Kategori: Aile Danışmanlığı

  • Bu gün, Çocuğunuza bir hediye verin onunla oyun oynayın…

    Yoğun iş temposu içinde zamanın nasıl akıp gittiğini anlamıyoruz bile…Bir bakıyoruz ki çocuklarımız büyümüş, zaten mevcut eğitim sisteminin içinde şunun şurasında çocukların çocukluklarını yaşayabilmesi için sadece 7-11 seneleri var. Neden 7 dedim, çünkü 1. sınıfta bile inanılmaz derecede ödev ve test stresi altında çocuklar. Eğer biraz insaflı iseniz çocuğunuzun ilk okul döneminde , yani ergenliğe girmeden çocukluğunu yaşamasına müsaade etmiş olursunuz…

    6-9  yaş arasında  erkek çocuğu olan babalara soruyorum, oğlunuzla ne yapıyorsunuz diye; , birlikte oynadığınız ve en sevdiğiniz oyun hangisi ?  Maalesef çocuğumla oyun oynuyorum diyen hiç kimse çıkmıyor, o halde ona tavla oynamayı öğrettiniz mi? Haftanın bir günü bile olsa aşağıda arkadaşlarıyla top oynuyor musunuz? Ya da birlikte araba yıkamaya, bisiklete binmeye gidiyor musunuz? Evde küçük tamirat işleri yapıyor musunuz? Hiç biri mi? Monopoly, tabu, şans yolu, tombala ? Ne bileyim mutlaka bir şeyler olmalı diye, %80 aldığım cevaplar, ders çalışıyoruz, kursa götürüyorum veya televizyon izliyoruz. Nadiren de birlikte bilgisayarda  oynuyoruz.

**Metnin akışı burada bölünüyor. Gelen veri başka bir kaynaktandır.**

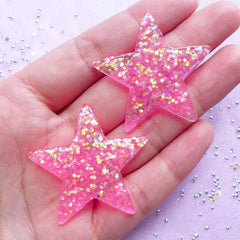 Star Cabochons with Bling AB Confetti | Kawaii Decoden Supplies (Neon Pink / 2pcs / 39mm x 37mm)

    Peki kız çocuğu olanlara soruyorum? Evde kızınızla ne oynuyorsunuz diye, evcilik, kuaförcülük, restorancılık tarihe karışmış, holilop çevirmek, aşağıda arkadaşlarıyla birlikte yakar top oynamak hiç yok. Birlikte kurabiye yapıyor musunuz? Kek pişirmeyi öğrendi mi? En azından bulguru önüne döküp kısır yaptırıyormusunuz?  Kızınızla evde ders dışında ne paylaşıyorsunuz?

    Anlıyorum ki, çocuklar yalnızlaşıyor, öncelikle koskoca evlerinde… Evlerin oda sayısı arttıkça , salonlar şıklaşıp,  lüksleştikçe, şşşşttt!!!, Evde yapma !!!! Evde oynama !!! gibi sözcükler de artıyor. Otur ders çalış, boş vaktinde test çöz!!! Ama oyun oyna diyen yok, beraber oyun oynayalım diyen hiç yok!

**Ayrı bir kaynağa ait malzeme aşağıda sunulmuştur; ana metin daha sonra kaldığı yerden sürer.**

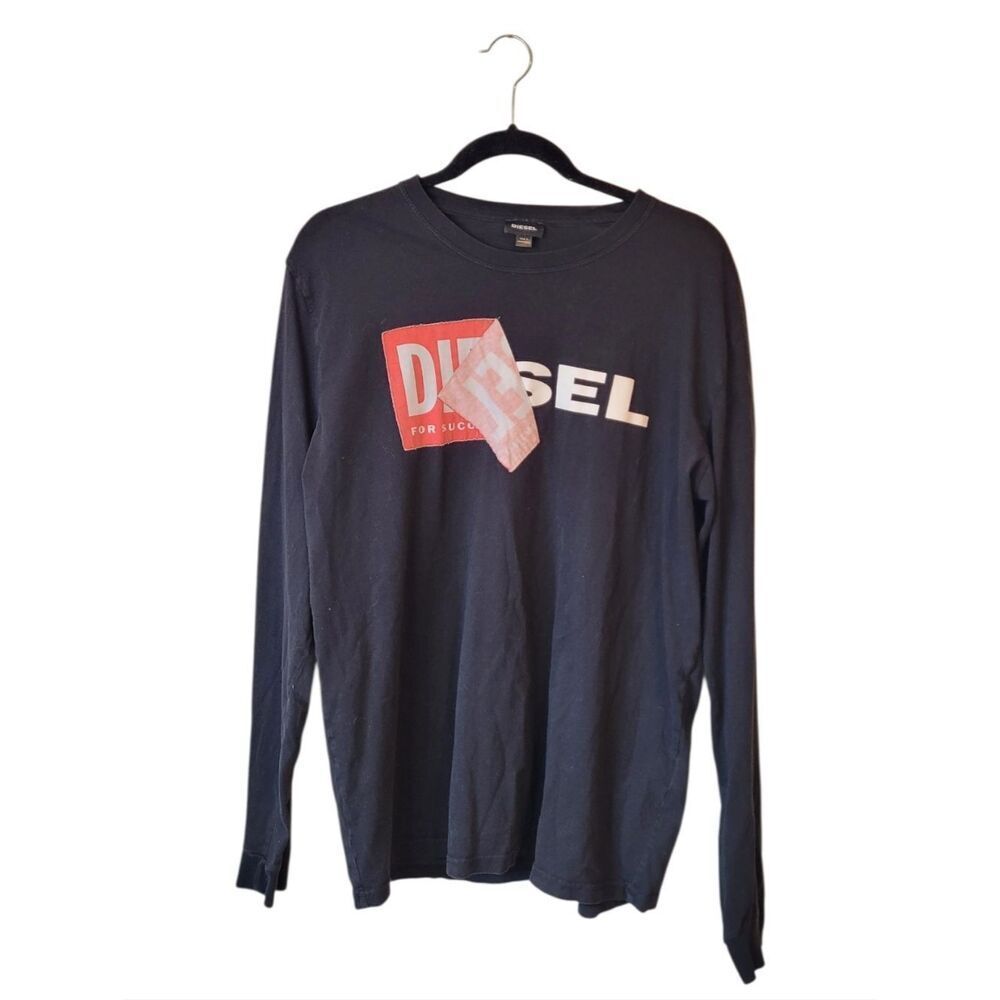 Diesel Black Long Sleeve Red & White Logo Tee Size XXL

    Oysa ki Çocukların psikolojik gelişiminde oyun oynamak büyük yer tutar, anne ve babalar genelde oyunun çocuklar için içgüdüsel bir şey olduğuna inanırlar yani bir yetişkinin yardımı olmadan da çocuğun kendi kendine oyun oluşturabileceğini düşünürler. Çok küçük çocukların kendi kendilerine spontan oyunlar başlattıkları doğrudur ama şunu bilmeliyiz ki: bir çocuğun oyun yaratma konusundaki içgüdüsü eğer ebeveyn çocuğun oyun yaratma sürecini desteklemiyorsa, yavaş yavaş yok olmaktadır. O nedenle ebeveynlerin çocuklarıyla oyun oynamaları çok önemlidir.

    Oyunun çocuk gelişimine katkısı nasıl mı?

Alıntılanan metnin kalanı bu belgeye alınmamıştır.